Triangulate on answers

You can approach most complex problems from various angles. Each one might give you an approximate answer; by comparing these you can estimate the overall answer.

Approach your problem from different angles

When I interviewed to join Accenture, I went through a series of case interviews. If you’ve heard of strategy consulting, you’ve most certainly have heard of these: the interviewer asks you a seemingly complicated question and wants you to show him/her how you get to the answer. Traditional case questions include: how many golf balls can you fit in a Volkswagen? How many gallons of white paint are sold yearly in the US to paint residential houses? How much does it cost to run a (successful) presidential campaign? Etc.

Perhaps the most interesting such interview I went through started with small talk: my interviewer wanted to know what I was doing. At the time, I was finishing my dissertation on the vibrations of oil well drilling tools to help prevent failure of the tools. “Excellent”, he said, “we’ll use that. Imagine that over the next three months you wrap up your findings into a software that is now ready for sale and that is likely to reduce drilling tools failures by at least 50%. How much should you sell it for?”

That’s a revenue question. You generate revenue by either having a high volume of sales or by making a lot of money on each sale. So one way to answer is to pick the direction in which you want to go. Say that you are looking at selling lots of these applications. Then to be attractive, you might want to charge as low a price as possible. A brute force approach to decide this price tag is to go with a {cost + margin} approach (I know, I know pricing strategists hold this approach in contempt because it “leaves value on the table” but remember, here we’re not trying to find an optimal price yet, just trying to find a good-enough one). The cost might be that of my time for three years of work, plus equipment, advising, tuition, university admin charges and so on. If you go into details—for instance by identifying a monthly cost and adding it all up—you might find that the overall cost might be, say, $1M. Now, for the sake of argument, assume we want a margin of 50% on top of that and that we plan on selling at least 15 licenses. So my {cost + margin} tag is $1.5M and I need to charge to 15 clients, therefore I should sell each license for $100k.

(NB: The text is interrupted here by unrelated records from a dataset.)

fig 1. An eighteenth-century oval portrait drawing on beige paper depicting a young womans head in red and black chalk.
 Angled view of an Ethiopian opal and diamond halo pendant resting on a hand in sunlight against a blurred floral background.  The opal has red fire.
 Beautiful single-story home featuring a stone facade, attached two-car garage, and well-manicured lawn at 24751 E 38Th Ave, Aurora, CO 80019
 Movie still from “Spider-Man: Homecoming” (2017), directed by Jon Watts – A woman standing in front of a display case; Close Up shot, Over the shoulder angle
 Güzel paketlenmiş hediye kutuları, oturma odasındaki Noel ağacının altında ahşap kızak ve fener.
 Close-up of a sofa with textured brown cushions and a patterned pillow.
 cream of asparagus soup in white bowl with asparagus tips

Ok, that’s a quick and dirty number and we can make it less quick and dirty by probing further into each of the hypotheses we’ve made. “That’s all fine”, says my interviewer, “but let’s triangulate this: how do you answer that question from a different angle?”

Well, you can answer that in terms of the client’s perspective: how much is it worth to them to halve their drilling failures? Assume that a typical failure requires an average of three days to be fixed, that during that time you can’t drill, and that a typical drilling day costs $500k. So each failure costs $1.5M in down time. Furthermore, a big petrochemical company expects an average of 10 failures every year. That’s $15M lost every year due to drill-string failures. If they can eliminate half these failures, they’d save $7.5M a year. So I can charge any of them anywhere up to  $7.4M for my little software and it would still make economic sense for these companies to buy it.

So let’s summarize the story so far: in one approach, we can charge some $100k per license. In another, we can charge all the way up to $7.4M. That’s quite a variance! And you can come up with other answers if you keep looking at your problem from other angles: for instance, how much do similar packages cost today? How much do alternatives—such as adopting an overly conservative drilling strategy—cost? The short answer is: probably somewhere in between the extremes. But here is a more complete answer.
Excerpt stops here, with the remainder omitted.